Brinquitos silenciosos secundan mis pasos,
el viento alborota mis cabellos mientras pierdo la cuenta...
una, dos, tres...siete... una, dos, tres...
y las estrellas son tantas como mis sueños.
El ronroneo merodea mis piernas y no sé si soy faro o musa de sal.
¿En dónde están las estrellas?
Todos creen que están arriba.
No, las estrellas estamos abajo y nuestro brillo sube al firmamento.
De pie frente al mar con su eterno siseo, bramido, rugido, lamento o cántico acuático...
me envuelve la brisa y el gatito mi guardían compañia vigila tras de mí, como si viera mi pasado y su futuro a la vez.
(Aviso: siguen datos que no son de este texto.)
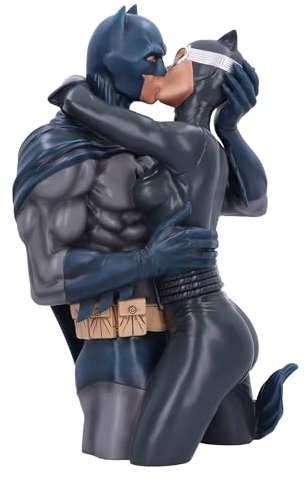 Nemesis Now Batman & Catwoman Büste 30 cm, Kunstharz, offizielles Lizenzprodukt, Batman & Catwoman küssendes Ornament, DC Hero Sammlerstück, gegossen aus feinstem Harz, fachmännisch handbemalt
Ronronea, ronronea como la réplica felina a la voz del mar...
Gatito con estrellas que titilan cuando casi se hacen uno el mar y él en sus constantes sonidos que lo embriagan de placer.
Mis cabellos se alborotan, mis ojos titilan y mis sueños, yo en fragmentos, se dispersan, estrellas de mí.
Gatito estrellado, me mira con sus dos estrellas. Una, dos. Dos estrellas para un gatito.